»»
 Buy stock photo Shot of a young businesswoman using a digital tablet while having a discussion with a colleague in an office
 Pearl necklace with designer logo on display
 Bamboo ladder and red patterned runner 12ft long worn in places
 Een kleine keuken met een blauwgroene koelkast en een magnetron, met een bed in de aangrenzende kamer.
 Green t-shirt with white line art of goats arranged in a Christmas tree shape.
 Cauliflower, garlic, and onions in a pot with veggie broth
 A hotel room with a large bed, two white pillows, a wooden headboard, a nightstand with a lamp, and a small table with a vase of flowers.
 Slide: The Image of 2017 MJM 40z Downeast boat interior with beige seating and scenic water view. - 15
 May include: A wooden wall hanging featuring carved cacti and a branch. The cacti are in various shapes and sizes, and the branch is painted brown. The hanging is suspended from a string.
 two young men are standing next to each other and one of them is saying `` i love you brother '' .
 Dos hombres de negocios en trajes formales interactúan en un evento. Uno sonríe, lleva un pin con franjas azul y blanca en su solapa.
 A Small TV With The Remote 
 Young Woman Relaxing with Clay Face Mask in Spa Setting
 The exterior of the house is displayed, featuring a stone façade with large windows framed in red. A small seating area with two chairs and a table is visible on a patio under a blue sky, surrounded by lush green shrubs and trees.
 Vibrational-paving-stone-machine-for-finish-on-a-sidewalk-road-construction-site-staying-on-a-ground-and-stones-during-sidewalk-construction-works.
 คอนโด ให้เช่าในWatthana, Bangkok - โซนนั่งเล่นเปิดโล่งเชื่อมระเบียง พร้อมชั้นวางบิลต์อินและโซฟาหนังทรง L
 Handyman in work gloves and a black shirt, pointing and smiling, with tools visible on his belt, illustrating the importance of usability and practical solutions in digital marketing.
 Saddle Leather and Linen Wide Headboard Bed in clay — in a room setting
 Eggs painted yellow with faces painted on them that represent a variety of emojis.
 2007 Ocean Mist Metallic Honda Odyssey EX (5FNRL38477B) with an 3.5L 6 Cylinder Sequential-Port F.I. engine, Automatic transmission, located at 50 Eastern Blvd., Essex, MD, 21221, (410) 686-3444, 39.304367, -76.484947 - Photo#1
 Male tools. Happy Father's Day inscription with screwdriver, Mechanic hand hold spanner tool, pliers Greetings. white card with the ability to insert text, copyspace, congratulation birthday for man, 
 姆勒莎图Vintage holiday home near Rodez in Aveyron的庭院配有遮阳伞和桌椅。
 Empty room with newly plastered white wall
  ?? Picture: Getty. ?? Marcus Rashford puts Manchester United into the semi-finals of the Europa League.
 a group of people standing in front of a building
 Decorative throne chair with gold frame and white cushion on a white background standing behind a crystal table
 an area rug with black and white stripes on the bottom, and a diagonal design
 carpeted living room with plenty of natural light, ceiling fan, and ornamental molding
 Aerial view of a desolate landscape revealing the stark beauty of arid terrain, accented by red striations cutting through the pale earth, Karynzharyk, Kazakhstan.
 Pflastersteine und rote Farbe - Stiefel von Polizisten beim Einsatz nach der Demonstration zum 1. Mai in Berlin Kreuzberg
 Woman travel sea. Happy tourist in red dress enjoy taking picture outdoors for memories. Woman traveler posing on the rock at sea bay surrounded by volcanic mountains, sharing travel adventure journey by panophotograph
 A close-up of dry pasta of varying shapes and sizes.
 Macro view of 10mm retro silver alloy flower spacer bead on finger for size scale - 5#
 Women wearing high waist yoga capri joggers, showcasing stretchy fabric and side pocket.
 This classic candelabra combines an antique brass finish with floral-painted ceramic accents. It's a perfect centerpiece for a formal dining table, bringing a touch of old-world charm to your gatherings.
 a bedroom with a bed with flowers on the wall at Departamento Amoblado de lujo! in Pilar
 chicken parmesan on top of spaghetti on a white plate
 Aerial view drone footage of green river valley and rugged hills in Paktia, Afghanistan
««
## WHAT TO DO
The expected output is the complete listing, word for word.

## OUTPUT BELOW
 Buy stock photo Shot of a young businesswoman using a digital tablet while having a discussion with a colleague in an office
 Pearl necklace with designer logo on display
 Bamboo ladder and red patterned runner 12ft long worn in places
 Een kleine keuken met een blauwgroene koelkast en een magnetron, met een bed in de aangrenzende kamer.
 Green t-shirt with white line art of goats arranged in a Christmas tree shape.
 Cauliflower, garlic, and onions in a pot with veggie broth
 A hotel room with a large bed, two white pillows, a wooden headboard, a nightstand with a lamp, and a small table with a vase of flowers.
 Slide: The Image of 2017 MJM 40z Downeast boat interior with beige seating and scenic water view. - 15
 May include: A wooden wall hanging featuring carved cacti and a branch. The cacti are in various shapes and sizes, and the branch is painted brown. The hanging is suspended from a string.
 two young men are standing next to each other and one of them is saying `` i love you brother '' .
 Dos hombres de negocios en trajes formales interactúan en un evento. Uno sonríe, lleva un pin con franjas azul y blanca en su solapa.
 A Small TV With The Remote 
 Young Woman Relaxing with Clay Face Mask in Spa Setting
 The exterior of the house is displayed, featuring a stone façade with large windows framed in red. A small seating area with two chairs and a table is visible on a patio under a blue sky, surrounded by lush green shrubs and trees.
 Vibrational-paving-stone-machine-for-finish-on-a-sidewalk-road-construction-site-staying-on-a-ground-and-stones-during-sidewalk-construction-works.
 คอนโด ให้เช่าในWatthana, Bangkok - โซนนั่งเล่นเปิดโล่งเชื่อมระเบียง พร้อมชั้นวางบิลต์อินและโซฟาหนังทรง L
 Handyman in work gloves and a black shirt, pointing and smiling, with tools visible on his belt, illustrating the importance of usability and practical solutions in digital marketing.
 Saddle Leather and Linen Wide Headboard Bed in clay — in a room setting
 Eggs painted yellow with faces painted on them that represent a variety of emojis.
 2007 Ocean Mist Metallic Honda Odyssey EX (5FNRL38477B) with an 3.5L 6 Cylinder Sequential-Port F.I. engine, Automatic transmission, located at 50 Eastern Blvd., Essex, MD, 21221, (410) 686-3444, 39.304367, -76.484947 - Photo#1
 Male tools. Happy Father's Day inscription with screwdriver, Mechanic hand hold spanner tool, pliers Greetings. white card with the ability to insert text, copyspace, congratulation birthday for man, 
 姆勒莎图Vintage holiday home near Rodez in Aveyron的庭院配有遮阳伞和桌椅。
 Empty room with newly plastered white wall
  ?? Picture: Getty. ?? Marcus Rashford puts Manchester United into the semi-finals of the Europa League.
 a group of people standing in front of a building
 Decorative throne chair with gold frame and white cushion on a white background standing behind a crystal table
 an area rug with black and white stripes on the bottom, and a diagonal design
 carpeted living room with plenty of natural light, ceiling fan, and ornamental molding
 Aerial view of a desolate landscape revealing the stark beauty of arid terrain, accented by red striations cutting through the pale earth, Karynzharyk, Kazakhstan.
 Pflastersteine und rote Farbe - Stiefel von Polizisten beim Einsatz nach der Demonstration zum 1. Mai in Berlin Kreuzberg
 Woman travel sea. Happy tourist in red dress enjoy taking picture outdoors for memories. Woman traveler posing on the rock at sea bay surrounded by volcanic mountains, sharing travel adventure journey by panophotograph
 A close-up of dry pasta of varying shapes and sizes.
 Macro view of 10mm retro silver alloy flower spacer bead on finger for size scale - 5#
 Women wearing high waist yoga capri joggers, showcasing stretchy fabric and side pocket.
 This classic candelabra combines an antique brass finish with floral-painted ceramic accents. It's a perfect centerpiece for a formal dining table, bringing a touch of old-world charm to your gatherings.
 a bedroom with a bed with flowers on the wall at Departamento Amoblado de lujo! in Pilar
 chicken parmesan on top of spaghetti on a white plate
 Aerial view drone footage of green river valley and rugged hills in Paktia, Afghanistan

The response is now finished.